I have a problem with a coin toss. The exercise is following:
You toss a coin 10 times and it gives 4 heads. What fee would you pay to play a game where you win 1$ if you flip at least 450 heads out of 1000 coin tosses?
My approach: Update an informative prior with the data. Then calculate P(450H). P(450H) = Fee.
x := obtaining a head
- Prior: assume the belief that pdf(x) follows Beta(20, 20)
Why Beta(20,20)? I want to build a prior with the belief that a head should very probably come with a probability of 0.5... Hence a = b. However, I want the prior to be weak enough to fit the data. Hence relatively low values for a and b.
- Posterior: updating pdf(x) as Beta(20+4, 20+6)

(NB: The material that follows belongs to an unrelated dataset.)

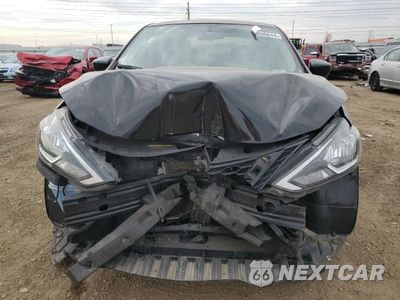 Piąte zdjęcie samochodu w środku: 2017 NISSAN SENTRA S VIN:3N1AB7AP3HL658352 - miniatura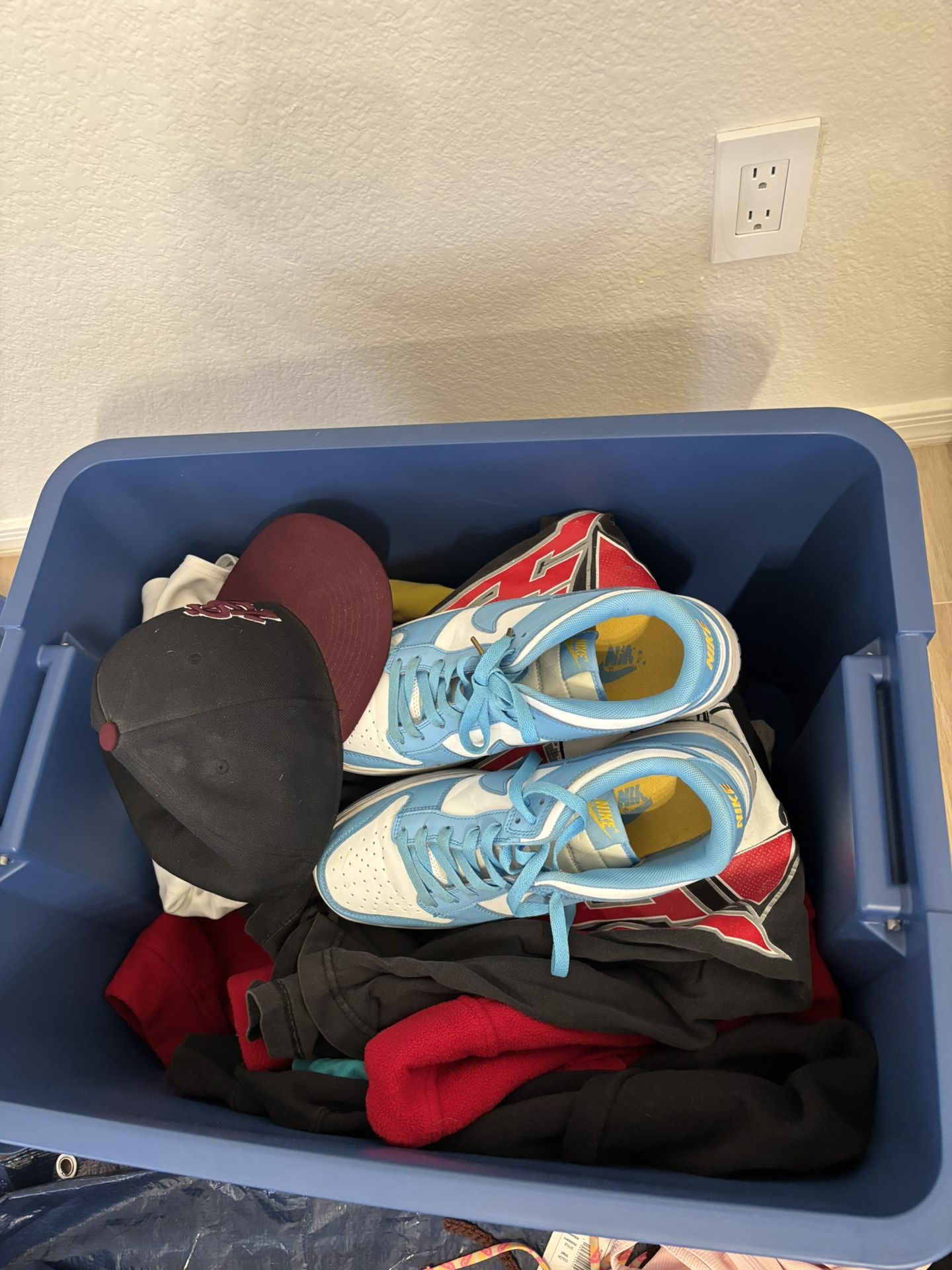 Vintage/Sports Clothes Tub 15+ items!!!!!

Why Beta(24,26)? We can easily update the prior to obtain the posterior adding the number of heads and tails to a and b. Posterior ∝ Likelihood x Prior
- Getting the probability P(450 heads)
Now that I have the pdf(x), I am looking for the probability of obtaining at least 450 heads from 1000 tosses. I am not sure how to proceed from here...
If the coin was fair (P[x] = 0.5), we could answer the question easily by calculating the integral from 450 to 1000 of the binomial distribution. However, as I have a posterior pdf of P(X) and not a number, I am not sure what how to proceed...
- Could you please give me a hint what to do with the posterior to answer the question?
- Also, what would be the correct notation of the sought probability? P(450H | 4heads from 10 tosses)? Not sure how I write down that I used an informative prior...
- I suspect that P(450H) will highly depend on the parameters of my prior... Is there a more scientific way to justify the choice of my parameters?
Any help or guidance will be highly appreciated!